LONDON, Mar 30 – Britain escaped from a record recession in better shape than previously thought in the fourth quarter of 2009, revised data showed Tuesday, but analysts agreed that the outlook remained weak.
Gross domestic product — the value of all the goods and services produced in the economy — grew by 0.4 percent in the three months to the end of December, the Office for National Statistics (ONS) said in a statement.
The third and final estimate was stronger than the previous reading of 0.3-percent expansion. Market expectations had been for no change in the figure.
The upward revision, driven by improved readings in the services, construction and agricultural sectors, comes after the ONS had already upgraded the data last month.
"The further upward revision to the fourth quarter … suggests that the economy exited recession with a bit more momentum than previously thought at the end of last year," said Capital Economics analyst Jonathan Loynes.
"While (the) figures perhaps provide a fractionally stronger platform for growth in 2010, the outlook remains fundamentally weak."
News of upwardly-revised growth comes with just weeks before Prime Minister Gordon Brown is expected to face a general election on May 6.
"To hear that Britain emerged from its worst post-war recession stronger than expected is clearly good news for future growth," added City Index analyst Nick Serff.
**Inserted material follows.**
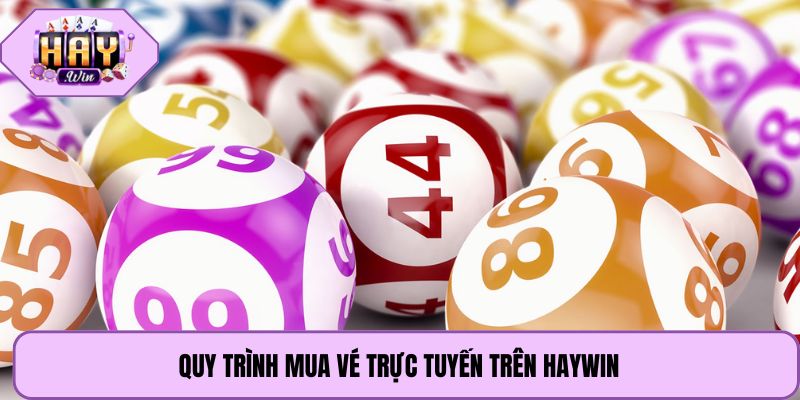Quy trình mua vé trực tuyến trên Haywin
"However, there remains a lot of uncertainty as to whether this momentum can carry."
And the ONS added Tuesday that the economy shrank by a record 4.9 percent last year, which was a slight improvement on the prior estimate for a contraction of 5.0 percent.
However, the last three months of 2009 marked the end of a deep recession following six successive quarters of contraction.
"The latest estimate of GDP … was higher than expectations and means the longest, deepest recession since official records began has ended," said economist Charles Davis at the Centre for Economics and Business Research.
"However, there are still concerns on the sustainability of the recovery as growth was largely driven by consumer and government spending — factors that are likely to wear off through 2010."
British GDP meanwhile shrank 3.1 percent in the fourth quarter, compared with the October-December period in 2008. That compared with the previous reading of a 3.3-percent contraction.
Finance minister Alistair Darling forecast last week in a pre-election budget statement that the economy would grow by a weaker-than-expected 3.0-3.5 percent in 2011.
Britain\’s Labour government vowed last Wednesday to hike taxes on the rich to help the poor hit by the global downturn and cut borrowing targets in a budget unveiled weeks before a knife-edge election.